- **What you need to do**
Beginning with the line that contains "ConLin GK501 Commercial" and ending with the last line of the records, write out each line exactly and omit the pictures.

[Dataset excerpts]

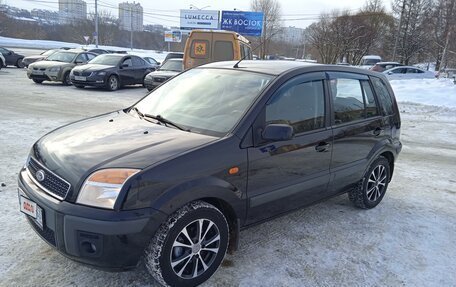 Ford Fusion I, 2009 год, 890 000 рублей, 2 фотография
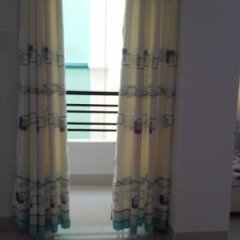 Cam Trang Hotel комната для гостей фото 5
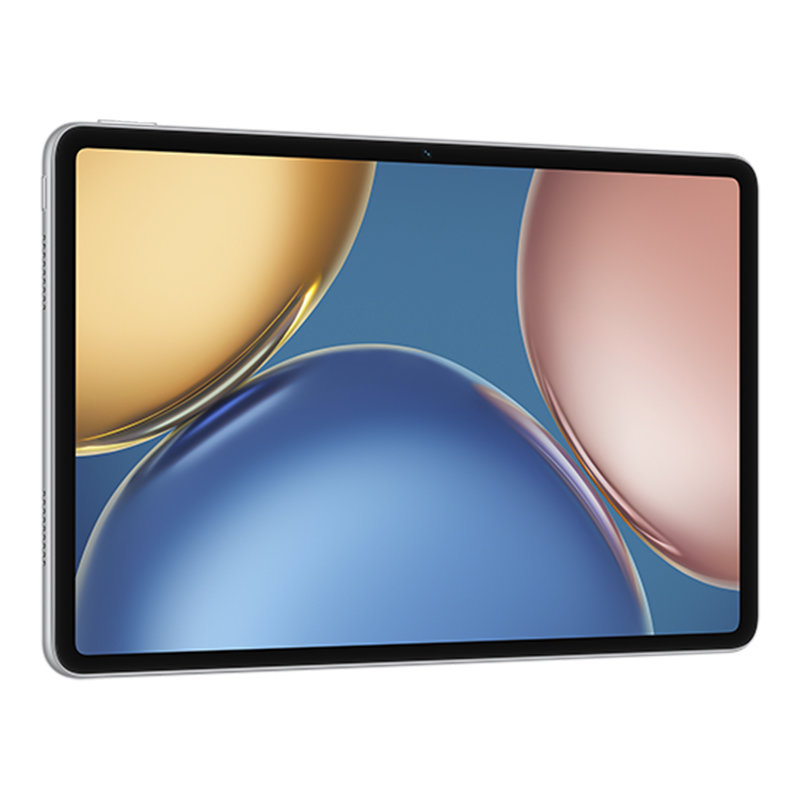 荣耀平板电脑v7krj2w098128g钛空银wifi版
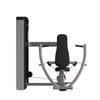 ConLin GK501 Commercial Seated Chest Press Trainer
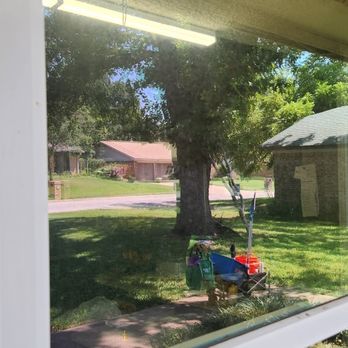 On the Fly Windows - Window Washing Near Me - Arlington, Texas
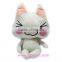 Plush Cat Toys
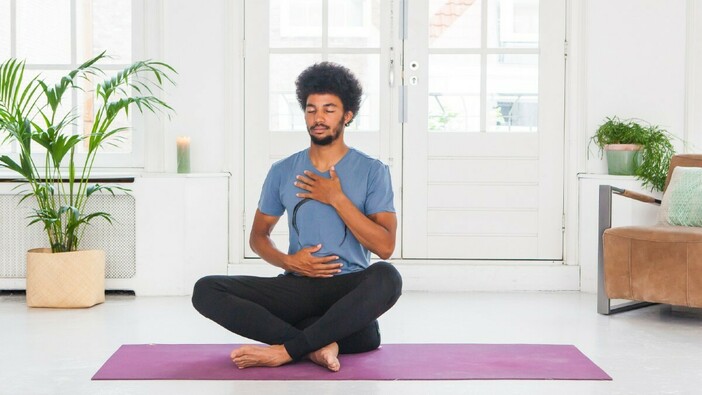 How to stimulate your vagus nerve to reduce stress and anxiety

[/Dataset excerpts]

- **Reply**
 ConLin GK501 Commercial Seated Chest Press Trainer
 On the Fly Windows - Window Washing Near Me - Arlington, Texas
 Plush Cat Toys
 How to stimulate your vagus nerve to reduce stress and anxiety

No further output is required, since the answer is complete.